Gerade kulturelle und sprachliche Grenzen werden übrigens von gebildeten Menschen eher überwunden: Viele haben ein Auslandssemester hinter sich, oder arbeiten im Job grenzüberschreitend. Wer täglich mit Menschen aus anderen Ländern beruflich zu tun hat, kann sich eher vorstellen, auch in eines dieser Länder umzuziehen, wenn der Job lockt und das Privatleben er zulässt...

Re: Sie irren!!

Das ist prinzipiell richtig. Nur Massenarbeitslosigkeit trifft eben, wenn sie auftritt, hauptsächlich die "normalen" Arbeiter und nicht die "hochgebildeten" Spezialisten.

Gast: uburoi
17.06.2011 12:40
1 0

schön wärs!

herr trichet gehört offenbar zu der kaste, der bei zwei stolperer (welch ein wunder!).
sowas schafft unheimliches vertrauen!
gratuliere und danke! ;-)

Aber die Bundesstaaten vernichten ihre Dollars nicht in Rettungsschirmen

wie es in der EU gängige Praxis ist. Weiters begeben die Bundesstaaten keine Anleihen, die ähnlich wertlos wie jene aus Griechenland sind.
Derartiger Schrott wird von in den USA von keiner Bad Bank, wie es die EZB in unverantwortlicherweise mit den Griechenlandanleihen verbricht, aufgekauft.
Der Herr Trichet sollte also nicht Äpfel mit Birnen vergleichen, sondern as sonn as possible wegen erwiesener Unfähigkeit und dem Bruch der für die EZB geltenden Richtlienien den Hut nehem.
Addieu, Monsieur Trichet!

Re: Aber die Bundesstaaten vernichten ihre Dollars nicht in Rettungsschirmen

Die USA sind aber eine Transferunion, wofür die Bundesstaaten sehr wohl zahlen. Deswegen muss/kann ein verschuldeter Bundesstaat auch keine Staatsanleihen ausgeben.

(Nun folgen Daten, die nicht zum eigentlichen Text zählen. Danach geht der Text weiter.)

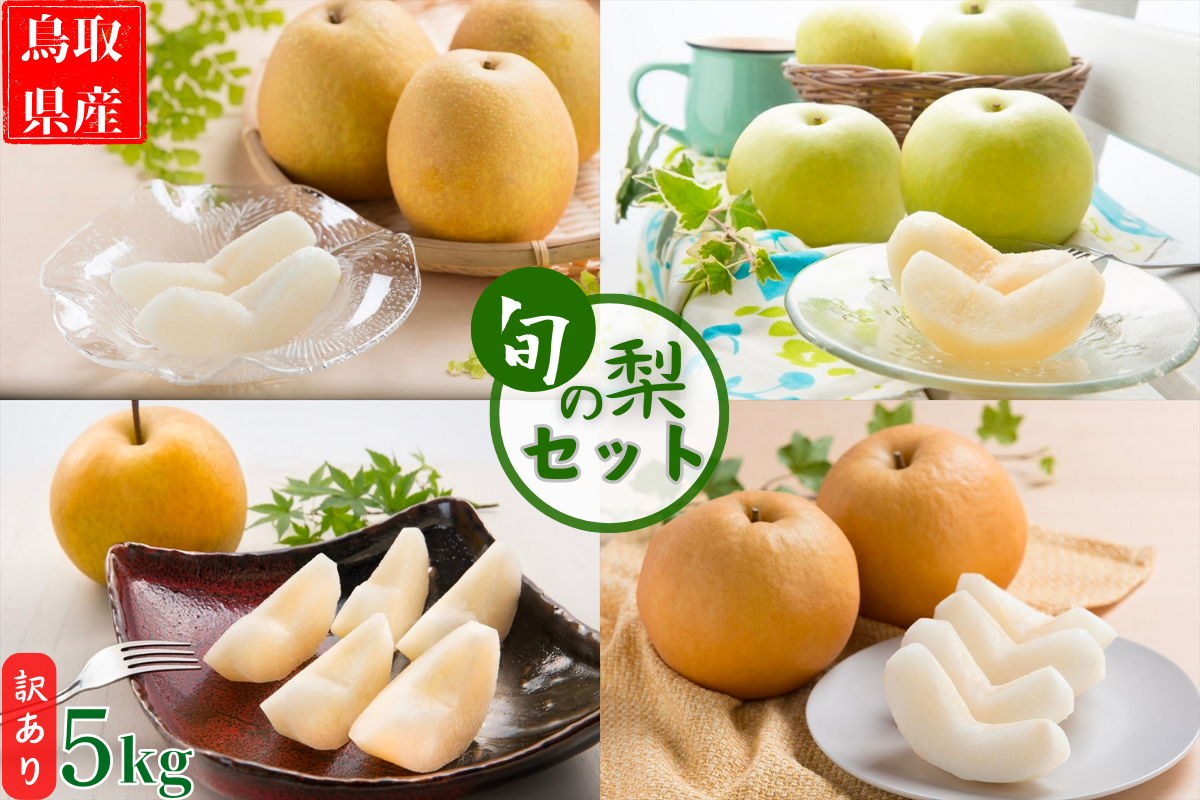 「梨王国」鳥取県産！旬を迎えた品種から2種類前後をお届けします！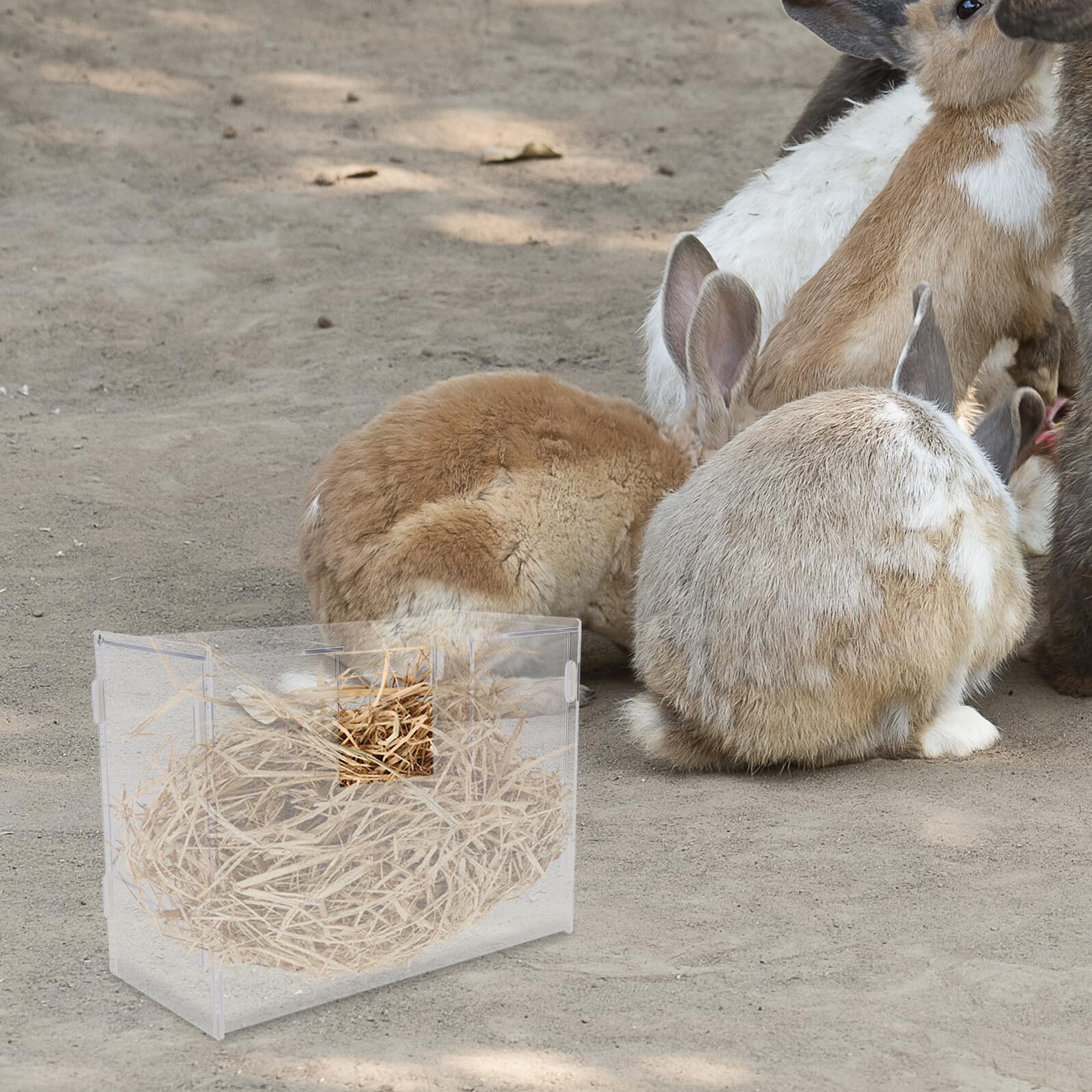 Gatuida Comedero Acrílico para Conejos y Pequeños Roedores Gran Capacidad, Soporte Colgante Fácil de Limpiar Adecuado para Hámsters y Cobayas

Re: Re: Aber die Bundesstaaten vernichten ihre Dollars nicht in Rettungsschirmen

Äpfel und Birmen sind es trotzdem, denn wie Sie bereits sagten, die USA sind ein Staat, mit Transfers zwischen deren Bundesstaaaten. Die EU besteht aber aus vielen Staaten, welche bereits in sich Transferzahlungsregeln für deren Bundesstaaaten/Bundelländer haben.

Und darüber soll jetzt noch, - ACHTUNG, entgegen aller EU-Verträge! - ein weiteres Transfersystem drübergestülpt werden?

Das generelle Proble der EU ist vereinfacht dargestellt, dass sie vom Prinzip her eine wirtschaftliche Freihandelszone ist, aber wie die vereingten Staaten von Europa agieren möchte.

Gast: gast34343
17.06.2011 12:06
7 1

soll das etwa ein hinweis darauf sein,

wie bei usa in zukunft auch europa zentralistischer zu regieren? soll so dem mündigen bürger eine bonzokratur untergejubelt werden? wenn ja dann gibts nur eine antwort: fahr zur hölle!

Antworten Gast: L.W.
17.06.2011 13:17
0 0

soll so dem mündigen bürger eine bonzokratur untergejubelt werden?


Da komme Sie reichlich spät drauf, es sei denn, Sie sind noch sehr jung.

Natürlich haben Sie vollkommen recht, genau das ist der Masterplan, eine Eineweltregierung mit ein paar Bonzen, die den Rest der Menschheit versklaven oder bei Widerworten in den Gulag sperren bzw. "verschwinden" lassen.

Aber das wird nicht klappen. Niemals !

Gast: putinfan
17.06.2011 11:59
2 1

Griechenland hat als aktivposten sehr schöne Frauen und ein sonniges Wetter (wie man an den Bildern sieht)

das haben aber der Tschad, Somalia und der Sudan auch!!

Deshalb würde aber noch lange kein Investor daran denken, einen lausigen Dollar dort zu investieren...

Nach Griechenland werden aber Milliarden um Milliarden geschickt - warum eigentlich?

0 0

Re: Griechenland hat als aktivposten sehr schöne Frauen und ein sonniges Wetter (wie man an den Bildern sieht)

weil auch niemand in einem Land investieren will, dass bei jeder Gelegenheit Pleite geht und sich um seine Rückzahlungen drückt - und dieses Land heißt in diesem Fall nicht Griechenland sondern Euroland von Berlin oben bis runter bis nach Lissabon.